-- Description of the task --
Although the entries contain pictures, copy only their text, exactly as written.

Captioned web image data:

************

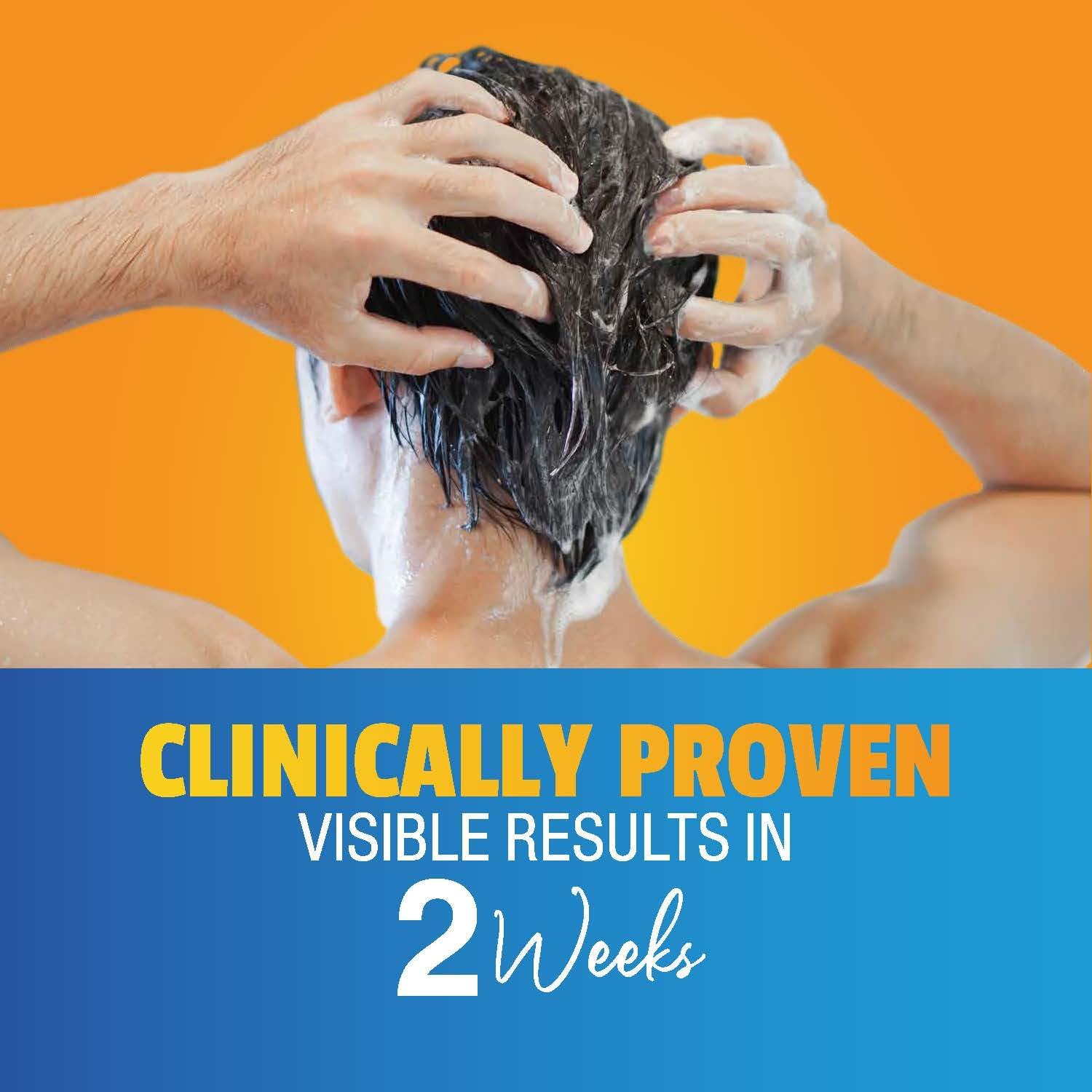 nizoral ketoconazole anti dandruff treatment shampoo, 100 ml, effective dandruff treatment, works from the first wash, clinically proven ketoconazole shampoo to relieve itchy scalp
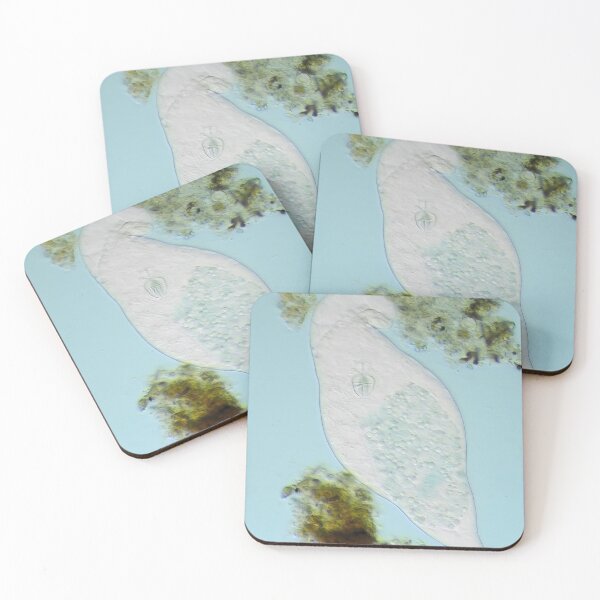 Item preview, Bdelloid rotifer under the microscope designed and sold by SDym Photography.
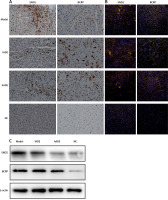 https://www.archivesofmedicalscience.com/f/fulltexts/124647/AMS-22-3-124647-g003_min.jpg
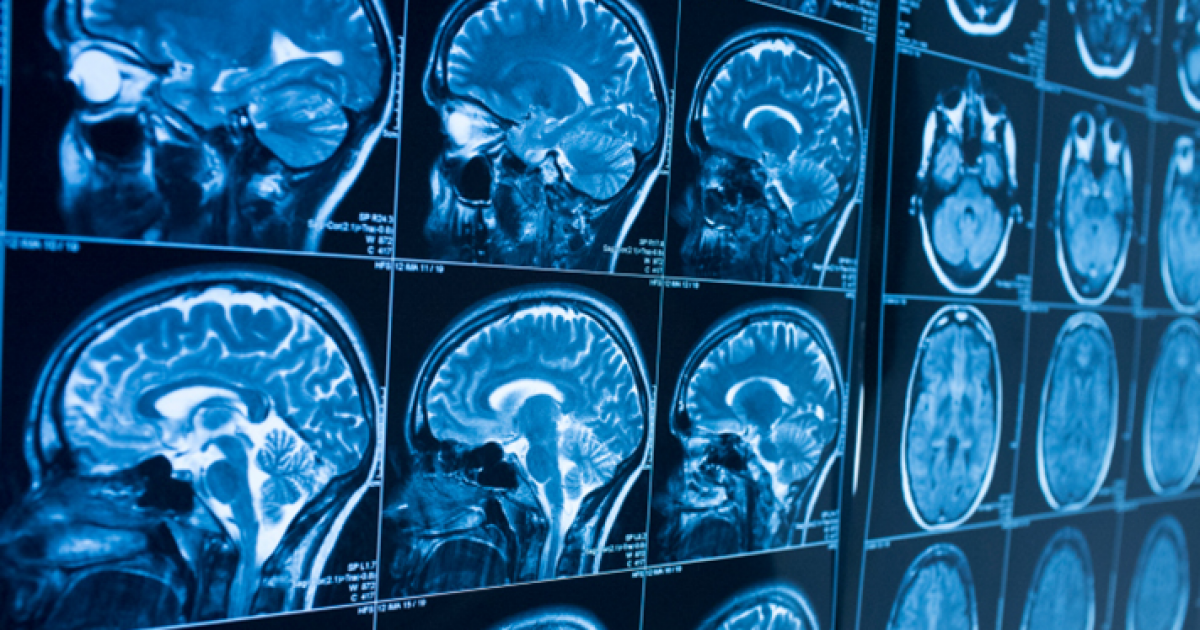 Advanced Neurological Imaging - Huntington Headache
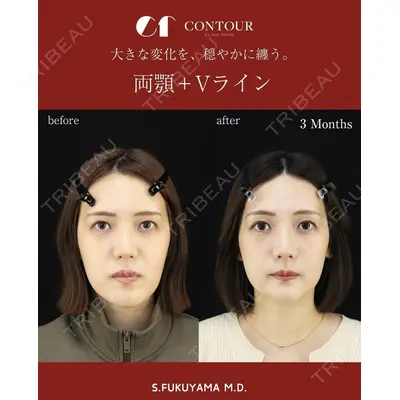 コントアクリニック 東京 福山 漱辰医師の症例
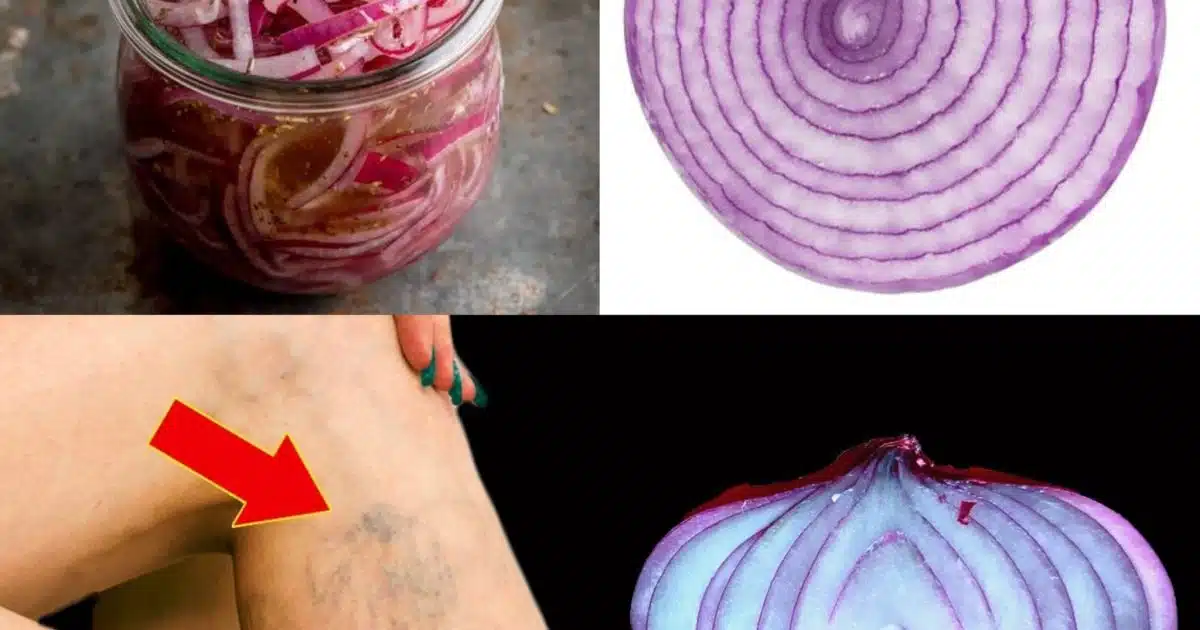 Transformez vos jambes naturellement avec l’oignon rouge : une astuce contre les varices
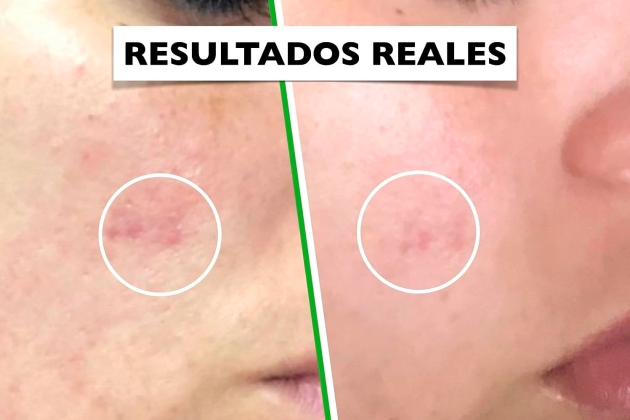 Bio Sérum Facial con Vitamina C, E y Ácido Hyalurónico de la marca Florence Bio Sérum Facial con Vitamina C, E y Ácido Hyalurónico de la marca Florence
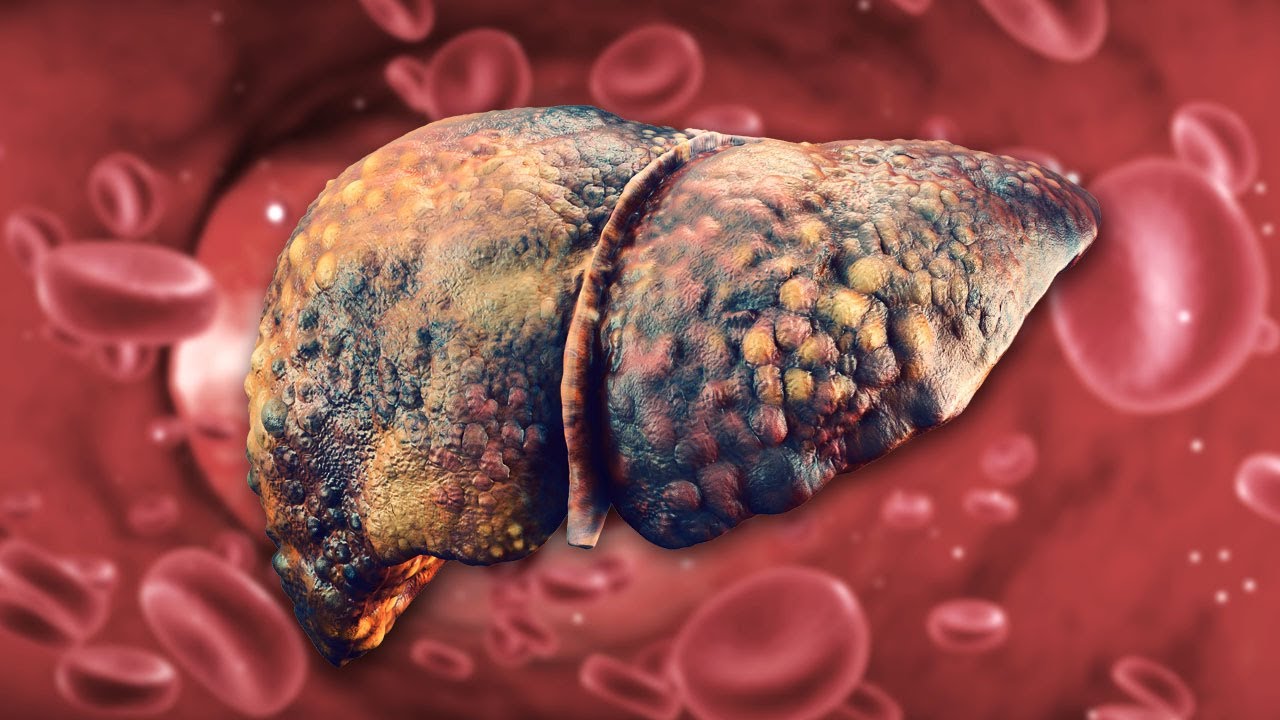 YouTube Video Thumbnail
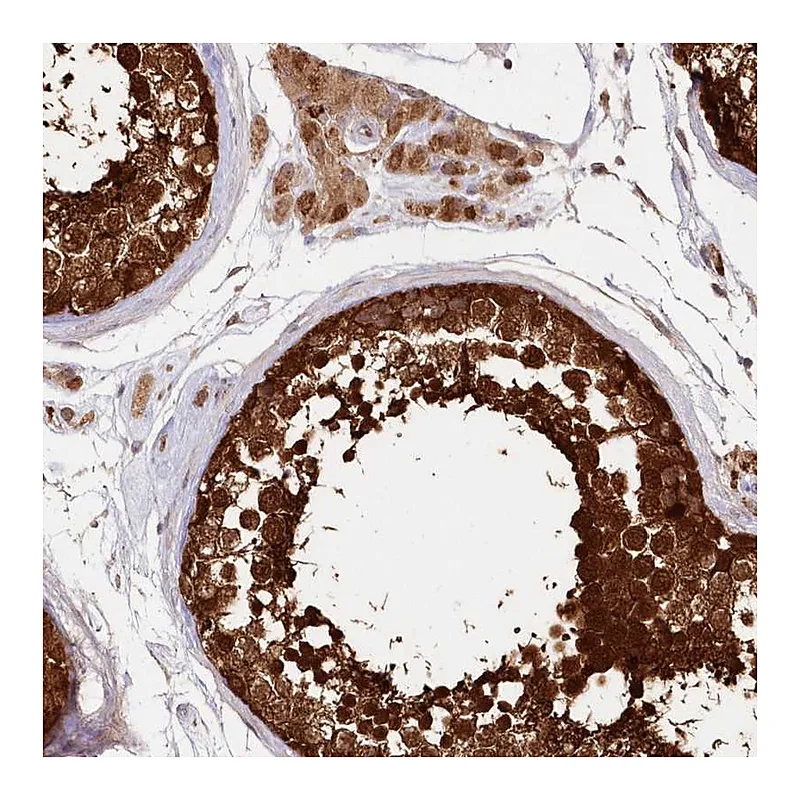 Atlas Antibodies Anti-IMPA1 Antibody
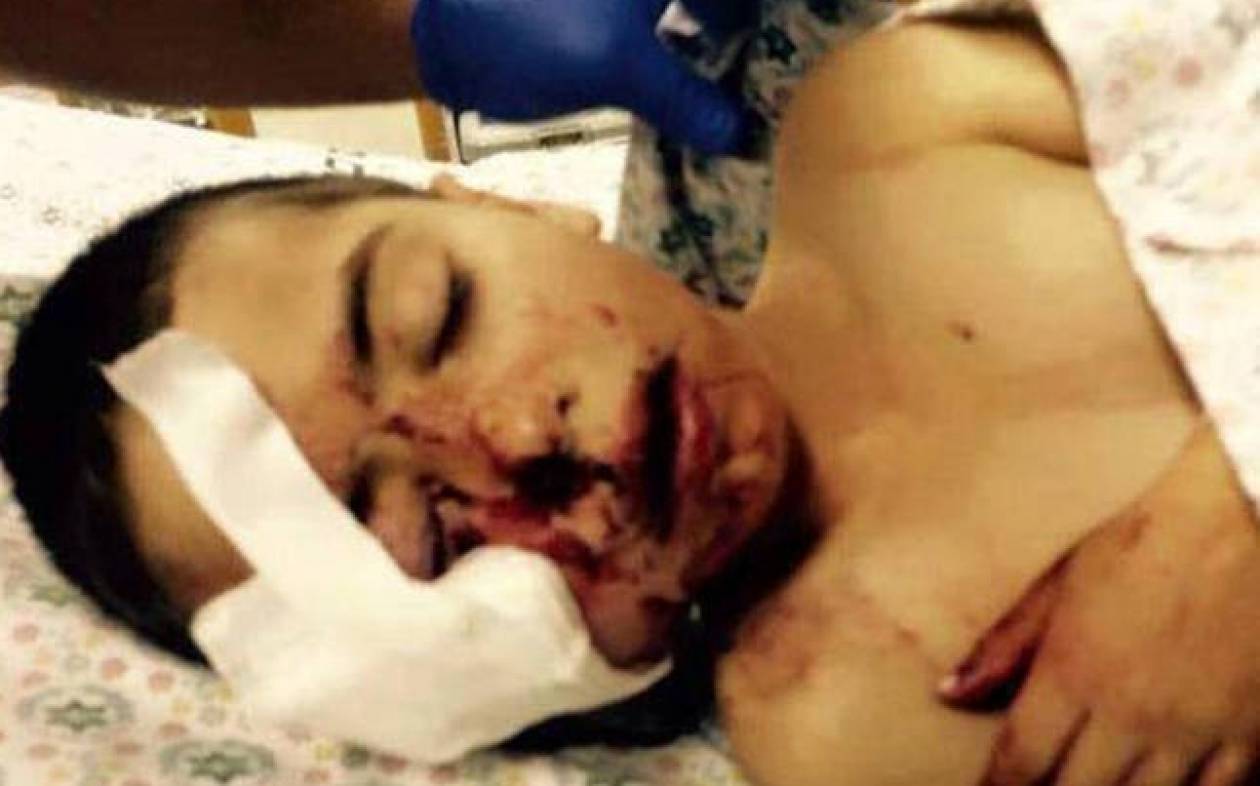 Ισραήλ: Αστυνομικός πυροβόλησε 5χρονο στο πρόσωπο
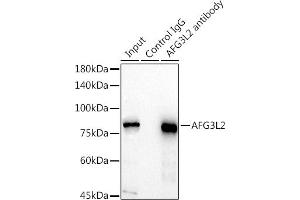 Immunoprecipitation analysis of 300 μg extracts of HeLa cells using 3 μg L2 antibody (ABIN7265513). (AFG3L2 抗体  (AA 538-797))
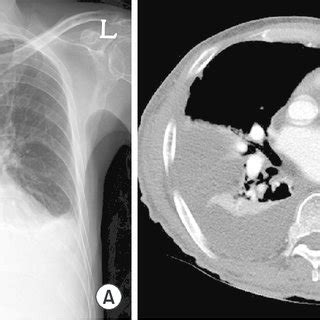 Photographs of the pleural biopsy specimen. Thoracoscopic pleural ...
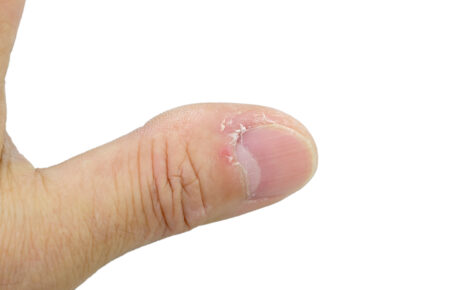 Ten obrazek przedstawia chory paznokieć na kciuku umieszczony na białym tle, co pozwala na dokładne zobrazowanie szczegółów tego schorzenia. Paznokieć wykazuje widoczne oznaki choroby, takie jak zmiana koloru, nieprawidłowa struktura i niejednolity wygląd. Obszar zainfekowanego paznokcia może być wrażliwy lub bolesny przy dotyku. Wizualne przedstawienie tego chorym paznokciem przyciąga uwagę do problemów zdrowotnych związanych z paznokciami i może stanowić motywację do poszukiwania właściwej diagnozy i leczenia.
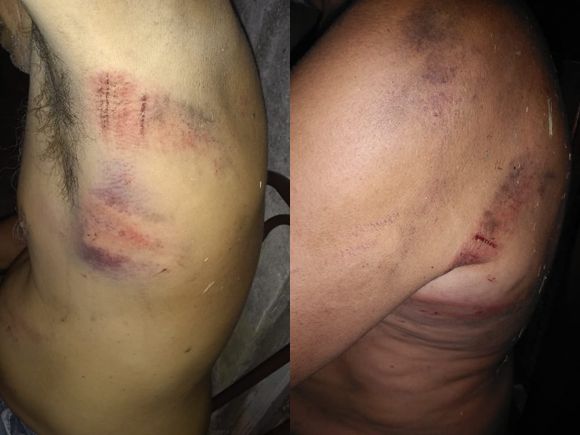 El hombre mayor apaleado por un vecino se recupera y su familia pide restricción perimetral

************

-- Output for this task --
 nizoral ketoconazole anti dandruff treatment shampoo, 100 ml, effective dandruff treatment, works from the first wash, clinically proven ketoconazole shampoo to relieve itchy scalp
 Item preview, Bdelloid rotifer under the microscope designed and sold by SDym Photography.
 https://www.archivesofmedicalscience.com/f/fulltexts/124647/AMS-22-3-124647-g003_min.jpg
 Advanced Neurological Imaging - Huntington Headache
 コントアクリニック 東京 福山 漱辰医師の症例
 Transformez vos jambes naturellement avec l’oignon rouge : une astuce contre les varices
 Bio Sérum Facial con Vitamina C, E y Ácido Hyalurónico de la marca Florence Bio Sérum Facial con Vitamina C, E y Ácido Hyalurónico de la marca Florence
 YouTube Video Thumbnail
 Atlas Antibodies Anti-IMPA1 Antibody
 Ισραήλ: Αστυνομικός πυροβόλησε 5χρονο στο πρόσωπο
 Immunoprecipitation analysis of 300 μg extracts of HeLa cells using 3 μg L2 antibody (ABIN7265513). (AFG3L2 抗体  (AA 538-797))
 Photographs of the pleural biopsy specimen. Thoracoscopic pleural ...
 Ten obrazek przedstawia chory paznokieć na kciuku umieszczony na białym tle, co pozwala na dokładne zobrazowanie szczegółów tego schorzenia. Paznokieć wykazuje widoczne oznaki choroby, takie jak zmiana koloru, nieprawidłowa struktura i niejednolity wygląd. Obszar zainfekowanego paznokcia może być wrażliwy lub bolesny przy dotyku. Wizualne przedstawienie tego chorym paznokciem przyciąga uwagę do problemów zdrowotnych związanych z paznokciami i może stanowić motywację do poszukiwania właściwej diagnozy i leczenia.
 El hombre mayor apaleado por un vecino se recupera y su familia pide restricción perimetral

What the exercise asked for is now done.